This is irony, considering that it is posted on this very thread where no such evidence of this has been posted.  According to you, he has in fact attacked his own race, since you stated that he has attacked Mexicans.



> He spews racial slurs, ...


Like what?  Let's see one.


----------



## Aries (Apr 6, 2017)

The Sage of Main Street said:


> Aries said:
> 
> 
> > FJO said:
> ...


So I should hide my morality  because others are lacking?


----------



## Aries (Apr 6, 2017)

EvMetro said:


> Aries said:
> 
> 
> > he has continually attacked every race but his own for years..
> ...


Trump isn't Mexican. Go take a nap.


----------



## EvMetro (Apr 6, 2017)

Aries said:


> Trump isn't Mexican. Go take a nap.



Who said Trump is Mexican?  We know of course that most Mexicans are the same race as Trump, but I have not seen anybody claim that Trump is Mexican himself.  Was this comment only meant to distract from the fact that you could not substantiate your post?


----------



## rightwinger (Apr 6, 2017)

EvMetro said:


> Aries said:
> 
> 
> > Trump isn't Mexican. Go take a nap.
> ...



He does love his Taco Bowls.....Can't get any more Mexican than that
Somebody needs to check his papers


----------



## Aries (Apr 6, 2017)

EvMetro said:


> Aries said:
> 
> 
> > Trump isn't Mexican. Go take a nap.
> ...


"This is irony, considering that it is posted on this very thread where no such evidence of this has been posted.
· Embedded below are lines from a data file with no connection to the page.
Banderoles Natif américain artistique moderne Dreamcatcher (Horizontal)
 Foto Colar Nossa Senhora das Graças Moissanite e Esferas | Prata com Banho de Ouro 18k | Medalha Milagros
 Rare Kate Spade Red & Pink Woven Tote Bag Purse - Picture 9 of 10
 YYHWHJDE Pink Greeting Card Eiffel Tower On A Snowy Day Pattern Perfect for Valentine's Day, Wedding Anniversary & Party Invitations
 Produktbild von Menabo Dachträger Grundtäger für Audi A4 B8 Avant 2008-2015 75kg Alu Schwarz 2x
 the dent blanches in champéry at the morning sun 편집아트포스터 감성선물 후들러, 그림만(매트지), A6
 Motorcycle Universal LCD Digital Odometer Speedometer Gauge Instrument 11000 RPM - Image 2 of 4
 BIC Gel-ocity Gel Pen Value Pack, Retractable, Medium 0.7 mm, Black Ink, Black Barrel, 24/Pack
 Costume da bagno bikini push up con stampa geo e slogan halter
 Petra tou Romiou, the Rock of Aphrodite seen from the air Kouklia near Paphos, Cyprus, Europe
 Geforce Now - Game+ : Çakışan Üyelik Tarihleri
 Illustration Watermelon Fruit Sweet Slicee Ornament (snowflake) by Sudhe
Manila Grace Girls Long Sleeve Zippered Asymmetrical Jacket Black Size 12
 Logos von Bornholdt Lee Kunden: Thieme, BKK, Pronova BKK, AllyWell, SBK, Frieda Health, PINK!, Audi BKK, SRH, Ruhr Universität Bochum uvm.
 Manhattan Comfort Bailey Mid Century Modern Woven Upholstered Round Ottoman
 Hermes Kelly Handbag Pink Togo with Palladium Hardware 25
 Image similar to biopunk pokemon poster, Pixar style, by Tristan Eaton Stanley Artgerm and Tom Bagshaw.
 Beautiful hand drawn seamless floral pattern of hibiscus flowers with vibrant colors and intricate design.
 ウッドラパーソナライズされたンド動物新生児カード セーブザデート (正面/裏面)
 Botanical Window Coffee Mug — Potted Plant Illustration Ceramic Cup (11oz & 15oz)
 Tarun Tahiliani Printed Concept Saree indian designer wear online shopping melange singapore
According to you, he has in fact attacked his own race, since you stated that he has attacked Mexicans."
Are you a robot?


----------



## Aries (Apr 6, 2017)

rightwinger said:


> EvMetro said:
> 
> 
> > Aries said:
> ...


Personally I think that Tim Kaine delivering an entire speech in spanish was a much more appropriate, effective, and impressive way to reach out to the hispanic community. But what do I know I'm just a stupid liberal.


----------



## Siete (Apr 6, 2017)

*Trump is not a racist!*


he's a fucking flip flopping idiot.


----------



## EvMetro (Apr 6, 2017)

It must suck to be a lefty and come across a thread that is about Trump not being a racist, has almost 200 replies, but absolutely ZERO evidence that Trump is in fact a racist.  It probably sucks, considering the lefty narrative has been that Trump is a racist, and there has been so much propaganda that says he is.


----------



## Aries (Apr 6, 2017)

EvMetro said:


> It must suck to be a lefty and come across a thread that is about Trump not being a racist, has almost 200 replies, but absolutely ZERO evidence that Trump is in fact a racist.  It probably sucks, considering the lefty narrative has been that Trump is a racist, and there has been so much propaganda that says he is.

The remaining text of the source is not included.